I pulled it open and stood in it, watching a man of average height, built like a golfer, wearing a long-sleeved polo neck shirt and chinos, with black hair shot with silver, stomping to the door.
Oh dear.
I stood with a shoulder against the doorframe, pulling the door to closing me on the inside, but I could see him.
And he could see me.
“Can I help you?” I asked when he got close.
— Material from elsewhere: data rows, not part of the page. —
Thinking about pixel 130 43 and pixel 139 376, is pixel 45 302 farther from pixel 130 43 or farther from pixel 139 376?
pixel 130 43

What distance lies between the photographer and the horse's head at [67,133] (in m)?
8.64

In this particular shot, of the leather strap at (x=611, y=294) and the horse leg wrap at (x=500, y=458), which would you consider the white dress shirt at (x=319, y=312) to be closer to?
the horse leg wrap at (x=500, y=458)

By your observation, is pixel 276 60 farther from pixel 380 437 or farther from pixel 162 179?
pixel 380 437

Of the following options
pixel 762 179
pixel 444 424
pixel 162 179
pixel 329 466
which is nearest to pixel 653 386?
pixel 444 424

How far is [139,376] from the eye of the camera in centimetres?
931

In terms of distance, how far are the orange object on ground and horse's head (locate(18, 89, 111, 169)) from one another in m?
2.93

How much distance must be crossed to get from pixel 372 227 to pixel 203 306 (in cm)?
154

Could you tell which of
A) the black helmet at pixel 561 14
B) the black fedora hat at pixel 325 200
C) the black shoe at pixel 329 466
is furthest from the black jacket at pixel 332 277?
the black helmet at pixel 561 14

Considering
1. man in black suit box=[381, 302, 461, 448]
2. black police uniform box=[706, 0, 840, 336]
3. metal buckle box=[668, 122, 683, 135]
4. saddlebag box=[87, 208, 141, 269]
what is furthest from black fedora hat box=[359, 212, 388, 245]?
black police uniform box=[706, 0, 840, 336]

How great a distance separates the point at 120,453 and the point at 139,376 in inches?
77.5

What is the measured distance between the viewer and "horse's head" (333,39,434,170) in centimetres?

“This West Hardy’s place?” he asked back, coming to a halt outside the door, eyes narrowed, the entire line of his body communicating fury.
“May I ask who you are?”
“I’m the man who’s going to be pressing charges in about ten minutes when the sheriff gets here.”
Oh dear.
“Sorry?” I asked, buying time.
“If West Hardy and that hoodlum he calls a son are in there, you better wake their asses up. They’ll probably want to be dressed when they’re cuffed and taken to the station.”
My back went straight, and it did this because he’d called Gear a hoodlum.
Gear was not a hoodlum.
“Sorry?” I whispered, but it was so I wouldn’t shout and wake anyone.
“I’m telling you, you better get their asses up,” he advised, leaning in, nasty sliding in to keep the angry company on his face.
“Why would the police arrest West and Locke?”
“Interesting,” he muttered, crossing his arms and leaning back. “He doesn’t come home and brag to his bitch when he goes out and beats the shit out of a bunch of kids.”